● **Task to carry out**
Every line from the one with "Yellow embroidered pure" through the end of the entries below should be written out exactly; the pictures should not.

'''

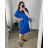 Lässiges Kurzarmkleid für Damen in Übergröße (L/XL/2XL Einheitsgröße) ITALIAN FASHION IM723061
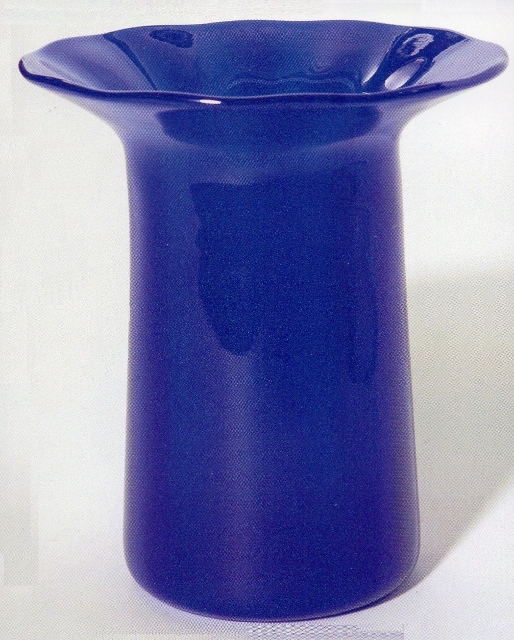 7202 - Dark Blue Jade Jade Vase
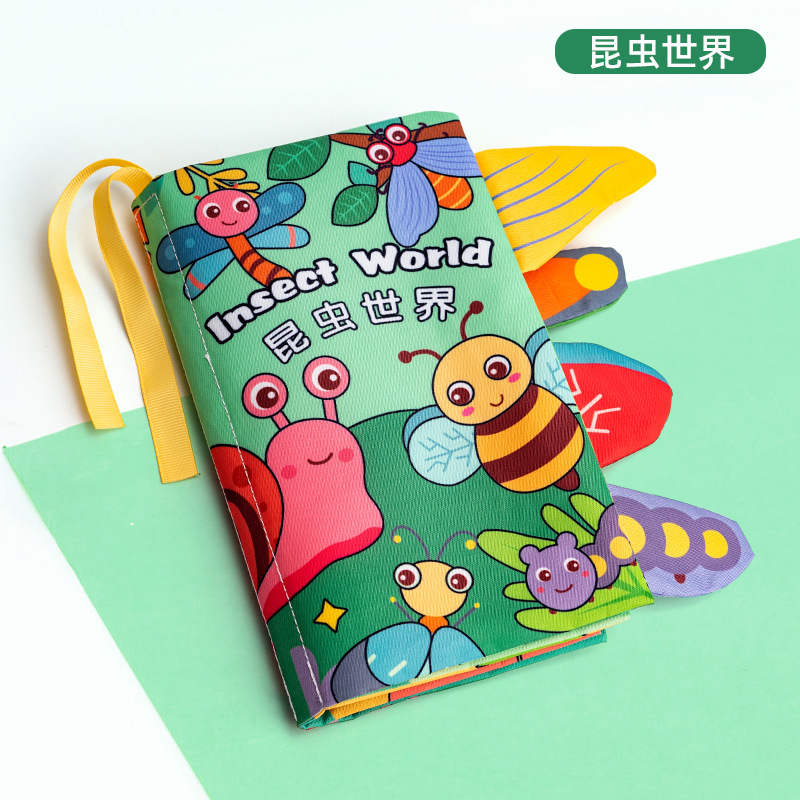 Livre de tissu de queue de cognition d'insecte (4 pages 8 côtés)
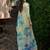 Yellow embroidered pure cotton kurta trouser dupatta set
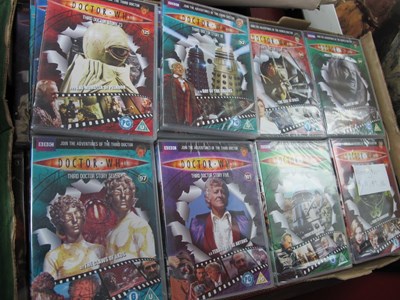 Lot 1022 - Doctor Who DVDs, approximately 104:- One Box.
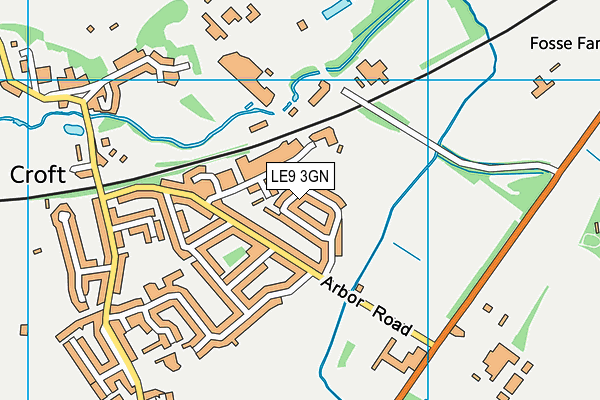 LE9 3GN map - OS VectorMap District (Ordnance Survey)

'''

● **Exercise answer**
 Yellow embroidered pure cotton kurta trouser dupatta set
 Lot 1022 - Doctor Who DVDs, approximately 104:- One Box.
 LE9 3GN map - OS VectorMap District (Ordnance Survey)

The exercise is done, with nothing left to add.